Problem to work on:
Your copy should hold every record exactly and no images.

********************

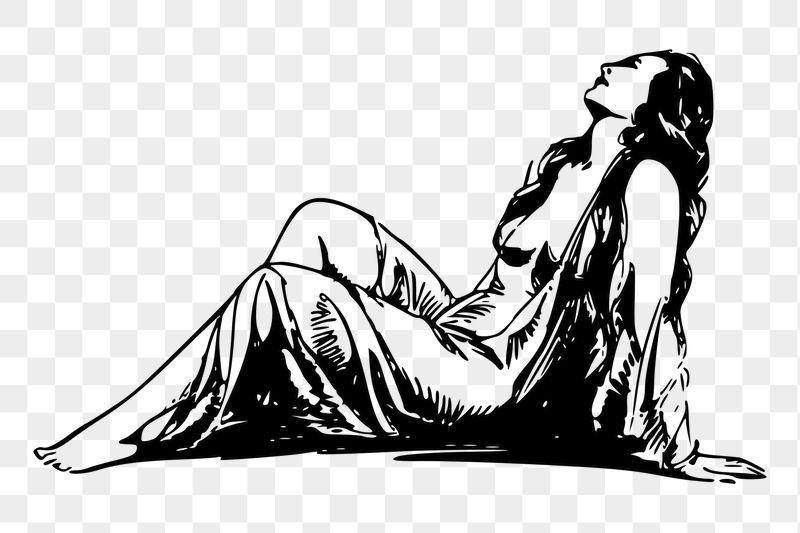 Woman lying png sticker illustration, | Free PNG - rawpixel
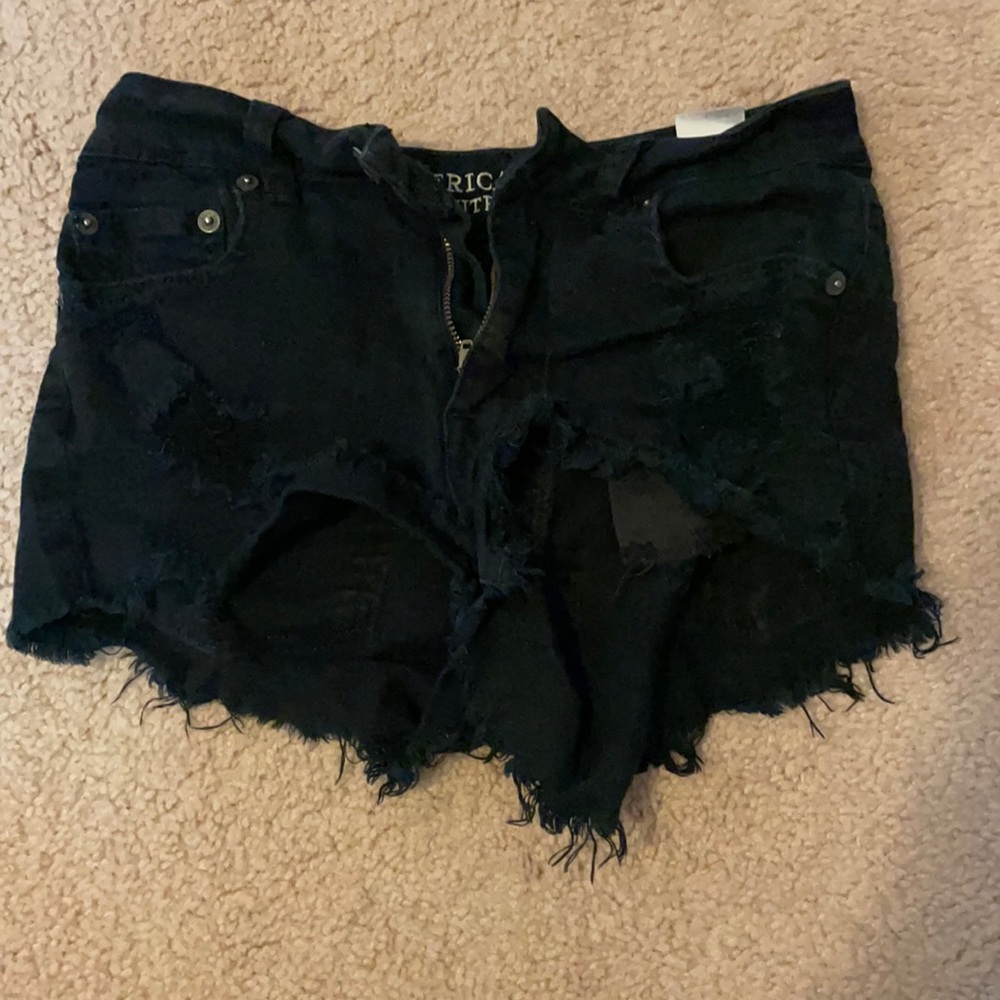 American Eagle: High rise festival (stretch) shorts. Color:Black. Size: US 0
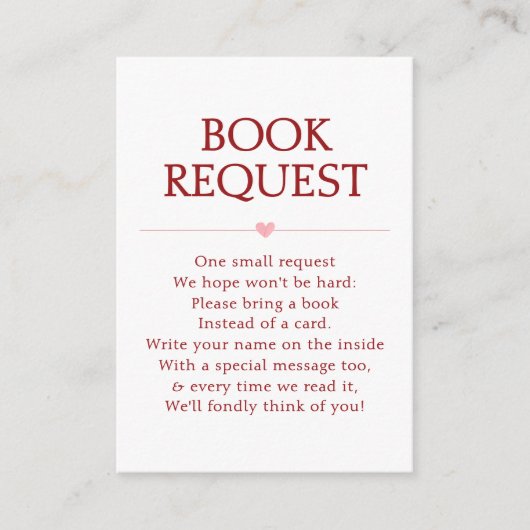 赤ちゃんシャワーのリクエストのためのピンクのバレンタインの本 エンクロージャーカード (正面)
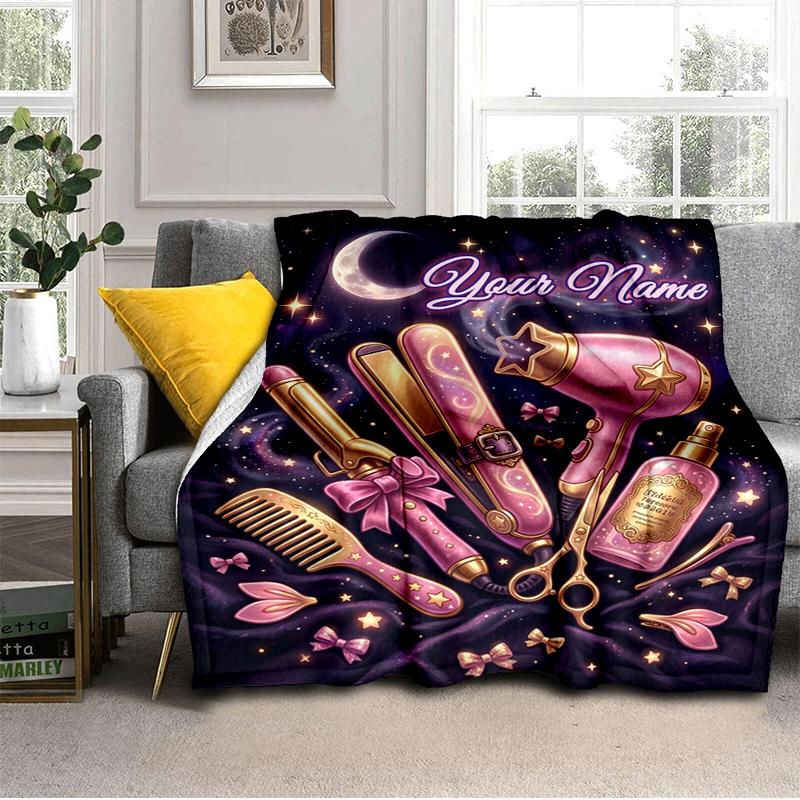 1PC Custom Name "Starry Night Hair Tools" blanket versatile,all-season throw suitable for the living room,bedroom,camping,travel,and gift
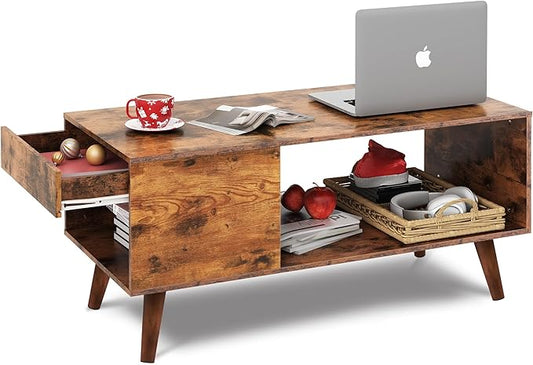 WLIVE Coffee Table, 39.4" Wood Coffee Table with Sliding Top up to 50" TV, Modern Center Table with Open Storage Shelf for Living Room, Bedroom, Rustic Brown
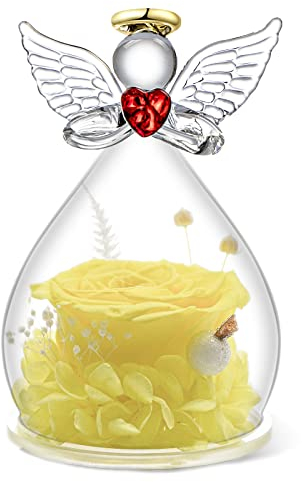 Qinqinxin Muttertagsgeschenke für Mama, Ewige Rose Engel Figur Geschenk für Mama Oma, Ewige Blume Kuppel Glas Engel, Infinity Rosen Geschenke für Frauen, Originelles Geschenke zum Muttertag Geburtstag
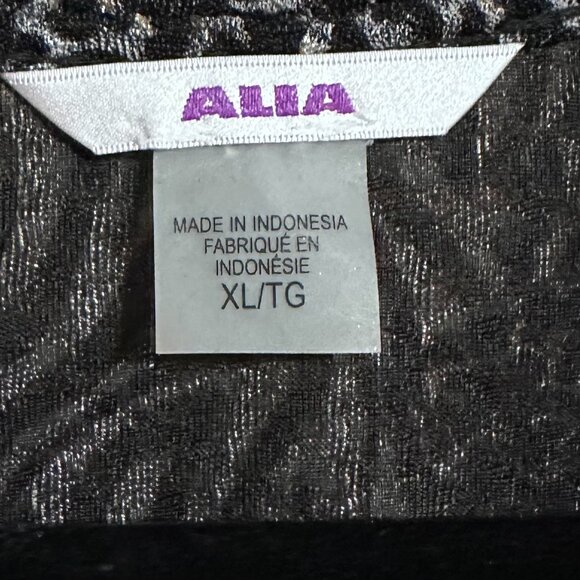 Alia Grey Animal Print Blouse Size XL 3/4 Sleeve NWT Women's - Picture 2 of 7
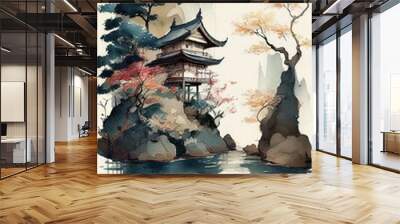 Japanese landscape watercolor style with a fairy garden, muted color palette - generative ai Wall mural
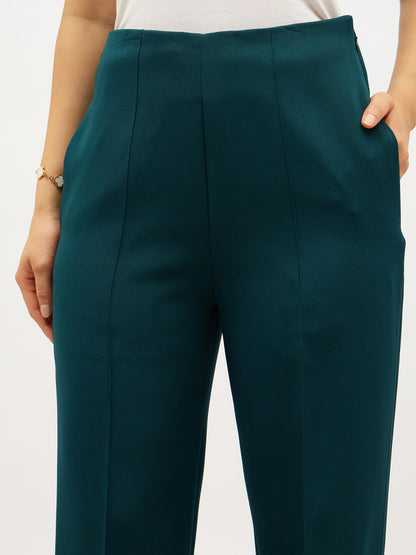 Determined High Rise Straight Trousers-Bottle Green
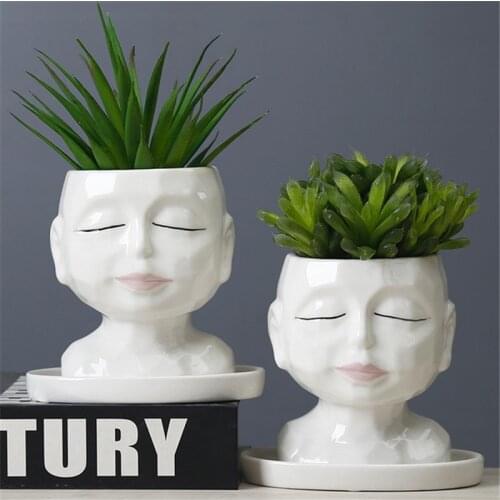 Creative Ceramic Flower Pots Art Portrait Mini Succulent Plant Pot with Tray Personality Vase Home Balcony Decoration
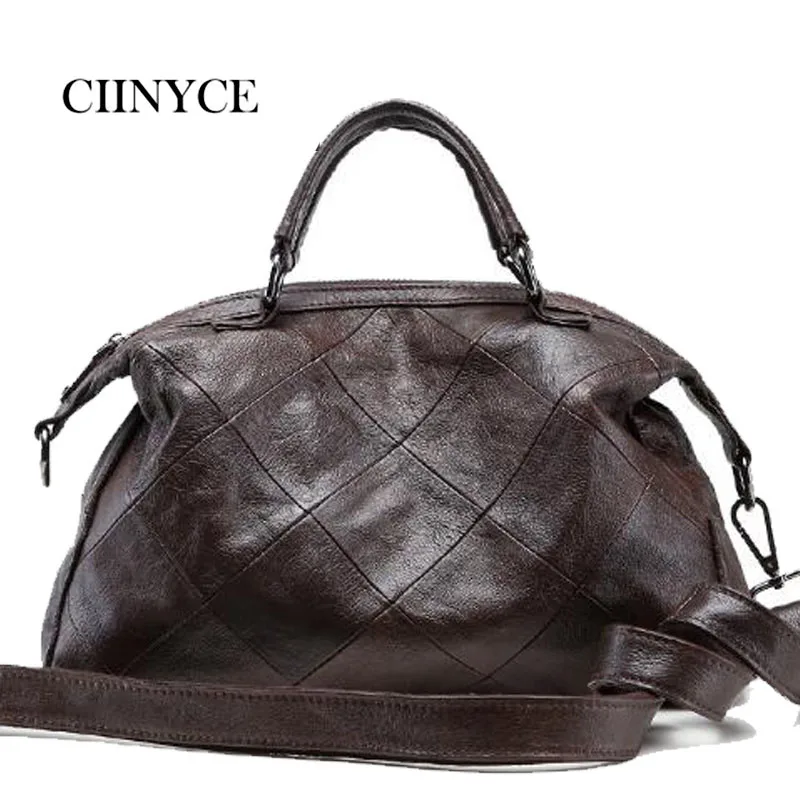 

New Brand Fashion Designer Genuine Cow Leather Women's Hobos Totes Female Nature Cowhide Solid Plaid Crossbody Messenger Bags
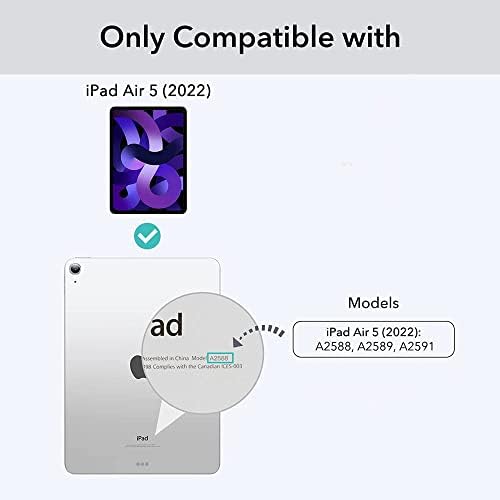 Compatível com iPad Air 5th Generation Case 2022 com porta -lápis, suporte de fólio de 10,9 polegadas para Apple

********************

Expected answer:
 Woman lying png sticker illustration, | Free PNG - rawpixel
 American Eagle: High rise festival (stretch) shorts. Color:Black. Size: US 0
 赤ちゃんシャワーのリクエストのためのピンクのバレンタインの本 エンクロージャーカード (正面)
 1PC Custom Name "Starry Night Hair Tools" blanket versatile,all-season throw suitable for the living room,bedroom,camping,travel,and gift
 WLIVE Coffee Table, 39.4" Wood Coffee Table with Sliding Top up to 50" TV, Modern Center Table with Open Storage Shelf for Living Room, Bedroom, Rustic Brown
 Qinqinxin Muttertagsgeschenke für Mama, Ewige Rose Engel Figur Geschenk für Mama Oma, Ewige Blume Kuppel Glas Engel, Infinity Rosen Geschenke für Frauen, Originelles Geschenke zum Muttertag Geburtstag
 Alia Grey Animal Print Blouse Size XL 3/4 Sleeve NWT Women's - Picture 2 of 7
 Japanese landscape watercolor style with a fairy garden, muted color palette - generative ai Wall mural
 Determined High Rise Straight Trousers-Bottle Green
 Creative Ceramic Flower Pots Art Portrait Mini Succulent Plant Pot with Tray Personality Vase Home Balcony Decoration

New Brand Fashion Designer Genuine Cow Leather Women's Hobos Totes Female Nature Cowhide Solid Plaid Crossbody Messenger Bags
 Compatível com iPad Air 5th Generation Case 2022 com porta -lápis, suporte de fólio de 10,9 polegadas para Apple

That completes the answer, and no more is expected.